Un sistema controlado por élites acostumbradas al latrocinio, las cuales al ver en riesgo sus privilegios optaron por controlarlo a toda costa. Con el sistema de justicia, Ministerio Público incluido, en sus manos y a su servicio y en una nueva versión de la contrainsurgencia, han perseguido espuriamente a quien consideran enemigo interno. De esa cuenta, personas operadoras de justicia que defienden la ley, periodistas independientes y que no se someten al pacto, así como la disidencia política y quienes defienden derechos humanos, sufren la cárcel o el exilio.
Esas élites creían tener también en sus manos la conciencia ciudadana y creyeron poder imponerse en las urnas con un proyecto heredero del genocidio, primero, o con uno de la corrupción, después.
Sin embargo, olvidaron que la memoria sigue viva entre los pueblos.
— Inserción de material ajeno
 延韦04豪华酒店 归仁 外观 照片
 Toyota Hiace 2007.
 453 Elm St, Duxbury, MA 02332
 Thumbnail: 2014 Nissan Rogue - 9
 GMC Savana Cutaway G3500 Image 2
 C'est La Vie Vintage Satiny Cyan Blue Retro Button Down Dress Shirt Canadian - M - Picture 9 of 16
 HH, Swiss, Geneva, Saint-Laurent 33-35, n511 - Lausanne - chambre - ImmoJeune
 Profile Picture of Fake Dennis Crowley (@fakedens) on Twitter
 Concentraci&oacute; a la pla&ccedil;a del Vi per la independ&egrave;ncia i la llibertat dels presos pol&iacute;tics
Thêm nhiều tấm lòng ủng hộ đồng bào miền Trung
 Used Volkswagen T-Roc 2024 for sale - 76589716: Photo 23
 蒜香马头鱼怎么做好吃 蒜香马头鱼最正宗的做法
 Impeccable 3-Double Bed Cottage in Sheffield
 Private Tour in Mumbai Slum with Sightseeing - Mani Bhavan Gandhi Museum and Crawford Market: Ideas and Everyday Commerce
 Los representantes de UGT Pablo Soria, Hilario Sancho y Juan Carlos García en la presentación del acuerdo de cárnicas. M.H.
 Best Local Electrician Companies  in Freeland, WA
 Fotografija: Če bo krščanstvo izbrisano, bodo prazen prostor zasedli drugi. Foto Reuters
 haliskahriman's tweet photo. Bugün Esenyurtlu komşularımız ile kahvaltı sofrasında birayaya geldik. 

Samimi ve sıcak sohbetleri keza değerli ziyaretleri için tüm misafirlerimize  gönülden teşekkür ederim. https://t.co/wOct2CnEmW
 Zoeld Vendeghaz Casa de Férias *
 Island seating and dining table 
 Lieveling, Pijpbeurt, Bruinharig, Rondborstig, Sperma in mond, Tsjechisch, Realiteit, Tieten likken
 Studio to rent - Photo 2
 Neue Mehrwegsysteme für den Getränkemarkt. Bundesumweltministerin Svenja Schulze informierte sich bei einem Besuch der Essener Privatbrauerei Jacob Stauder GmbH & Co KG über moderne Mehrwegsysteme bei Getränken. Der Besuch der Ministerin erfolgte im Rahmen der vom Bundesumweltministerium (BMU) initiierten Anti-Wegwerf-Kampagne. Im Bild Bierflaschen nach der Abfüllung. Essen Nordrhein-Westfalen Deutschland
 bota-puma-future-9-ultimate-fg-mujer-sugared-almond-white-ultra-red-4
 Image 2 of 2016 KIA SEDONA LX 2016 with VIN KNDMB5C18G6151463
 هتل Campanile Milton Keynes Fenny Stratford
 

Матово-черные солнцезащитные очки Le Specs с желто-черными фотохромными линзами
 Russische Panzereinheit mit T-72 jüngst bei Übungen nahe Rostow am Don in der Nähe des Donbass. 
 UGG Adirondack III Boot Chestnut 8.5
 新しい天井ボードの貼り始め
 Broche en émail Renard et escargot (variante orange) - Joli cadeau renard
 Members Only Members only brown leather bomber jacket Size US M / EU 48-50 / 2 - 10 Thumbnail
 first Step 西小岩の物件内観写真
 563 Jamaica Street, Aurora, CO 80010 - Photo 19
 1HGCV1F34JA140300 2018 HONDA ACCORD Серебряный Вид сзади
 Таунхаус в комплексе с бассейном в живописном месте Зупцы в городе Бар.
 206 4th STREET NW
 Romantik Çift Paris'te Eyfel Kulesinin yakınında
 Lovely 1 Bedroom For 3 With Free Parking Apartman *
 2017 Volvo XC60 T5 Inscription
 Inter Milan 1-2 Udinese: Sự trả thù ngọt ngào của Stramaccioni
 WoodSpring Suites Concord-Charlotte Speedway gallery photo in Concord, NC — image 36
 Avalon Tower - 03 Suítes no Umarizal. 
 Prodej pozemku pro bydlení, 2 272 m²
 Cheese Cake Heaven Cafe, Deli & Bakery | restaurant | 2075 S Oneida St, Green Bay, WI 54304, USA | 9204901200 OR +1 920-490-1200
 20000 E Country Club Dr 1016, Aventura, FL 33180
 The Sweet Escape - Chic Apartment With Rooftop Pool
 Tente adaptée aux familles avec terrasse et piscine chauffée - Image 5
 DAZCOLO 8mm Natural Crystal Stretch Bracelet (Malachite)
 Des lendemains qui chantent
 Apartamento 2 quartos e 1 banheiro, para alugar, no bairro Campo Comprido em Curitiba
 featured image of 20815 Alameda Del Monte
Por ello fue posible que nietos y nietas llegaran a las urnas de la mano de sus abuelas y abuelos. Al menos tres generaciones y los pueblos, a lo largo y ancho del país, han hecho posible lo imposible: la que vivió la primavera y se la arrebataron, la que luchó y perdió amistades, vidas y hogares por la represión, y la que no se dejará arrebatar esta primavera diferida que ha llegado de la mano de su voto. Y todo porque la memoria, esa sí, es un patrimonio cultural.